081316_americanside_Camilla Belle_as_Emily Chase_Matthew Brodercik_as_Borden Chase_Greg Stuhr_as_Charlie Paczynski_PhotoCredit_Frank Barrera_1

When Niagara Falls comes up in conversation, the view from the Canadian side usually gets the tourist-story glory, but filmmakers Jenna Ricker and Greg Stuhr switched things up in their film noir mystery homage “The American Side.”

At 5:30 p.m. Sunday and 8:40 p.m. Monday at Chautauqua Cinema, Ricker and Stuhr will host a screening and Q-and-A session. (The film will also play at 8:40 p.m. Saturday and 3:15 p.m. Monday sans Ricker and Stuhr.)

“The audience Q-and-A’s are really a special treat for us as filmmakers, because you don’t often get to engage with your audience directly after they’ve experienced your work. You know, you answer questions or you talk about the process or somebody picks out something that you either forgot about along the way, or you didn’t even think about,” Ricker said. “That’s a really lovely kind of magical moment.”

The story follows Charlie Paczynski, a private investigator in Buffalo, New York, who finds himself in the middle of a conspiracy involving the lost designs of Nikola Tesla.
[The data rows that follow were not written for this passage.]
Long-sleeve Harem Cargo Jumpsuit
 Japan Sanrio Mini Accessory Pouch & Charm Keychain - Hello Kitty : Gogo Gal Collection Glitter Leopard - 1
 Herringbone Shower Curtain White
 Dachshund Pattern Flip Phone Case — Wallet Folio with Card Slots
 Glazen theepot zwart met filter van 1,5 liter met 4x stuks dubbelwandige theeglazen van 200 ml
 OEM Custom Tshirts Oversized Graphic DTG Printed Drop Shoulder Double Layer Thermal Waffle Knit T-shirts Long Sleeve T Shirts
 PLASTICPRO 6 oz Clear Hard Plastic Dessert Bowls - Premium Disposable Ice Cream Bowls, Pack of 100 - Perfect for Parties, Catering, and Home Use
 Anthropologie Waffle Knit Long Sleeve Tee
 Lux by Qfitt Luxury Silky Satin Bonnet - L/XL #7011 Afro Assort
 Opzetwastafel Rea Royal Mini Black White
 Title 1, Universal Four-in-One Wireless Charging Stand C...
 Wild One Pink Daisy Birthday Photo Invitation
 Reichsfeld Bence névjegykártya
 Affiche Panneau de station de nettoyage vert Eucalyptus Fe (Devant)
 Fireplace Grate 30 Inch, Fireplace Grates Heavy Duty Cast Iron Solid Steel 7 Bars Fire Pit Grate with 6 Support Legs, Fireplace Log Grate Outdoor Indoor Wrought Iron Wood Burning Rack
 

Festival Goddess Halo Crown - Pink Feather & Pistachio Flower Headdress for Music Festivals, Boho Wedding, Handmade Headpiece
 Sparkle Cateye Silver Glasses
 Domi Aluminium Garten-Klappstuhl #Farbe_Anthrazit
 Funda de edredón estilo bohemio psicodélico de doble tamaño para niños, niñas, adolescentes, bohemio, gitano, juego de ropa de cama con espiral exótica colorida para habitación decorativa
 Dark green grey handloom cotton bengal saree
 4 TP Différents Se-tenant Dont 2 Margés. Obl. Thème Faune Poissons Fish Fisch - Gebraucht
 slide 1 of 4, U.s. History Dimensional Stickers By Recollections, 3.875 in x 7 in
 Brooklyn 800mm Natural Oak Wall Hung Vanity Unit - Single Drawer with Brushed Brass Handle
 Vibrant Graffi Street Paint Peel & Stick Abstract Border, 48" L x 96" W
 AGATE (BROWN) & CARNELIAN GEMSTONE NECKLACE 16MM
The electrical engineer and inventor extraordinaire established the first hydroelectric power plant with George Westinghouse in Niagara Falls in the late-19th century, and a monument in Tesla’s honor stands on Goat Island.

In addition to co-writing the film with Ricker, Stuhr plays the role of Paczynski alongside Camilla Belle, Alicja Bachleda, Robert Forster and Matthew Broderick.

The germ of the idea formed during a night out in New York City. Ricker and Stuhr knew each other from the city’s theater circles and were out with a group of friends when the conversation turned to film. They discovered a shared appreciation for the film noir conspiracy genre and began to forge their creative partnership, but the conception of “The American Side” originated with Stuhr.

Born in Lackawanna, New York, and raised in the Southtowns of Buffalo, Stuhr had dreamed of shooting a film in his hometown. He said Ricker fell in love with the city while they were in production.

“Even these places that I’ve seen a million times and that I love and I think are gorgeous and cinematic, she made 10 times more cinematic,” he said. “Putting it in the context of the story, I think, makes the movie especially a treat for people from Western New York.”

Both writers said the movie is like a rollercoaster in both pace and complexity, and that the end of the film should have the same giddy exhilaration as an amusement park thrill-seeker when she disembarks from a coaster-car after a whirly-twirly ride. They also both feel the same way about screening the film at the cinema on the grounds.

“It’s fun to be coming to a place like Chautauqua that celebrates arts and sciences and creativity the way it does,” Ricker said. “I’m looking forward to the Q-and-A’s with this particular crowd because I think there will be some extra knowledge around this story that could be a lot of fun to talk about after we watch the film.”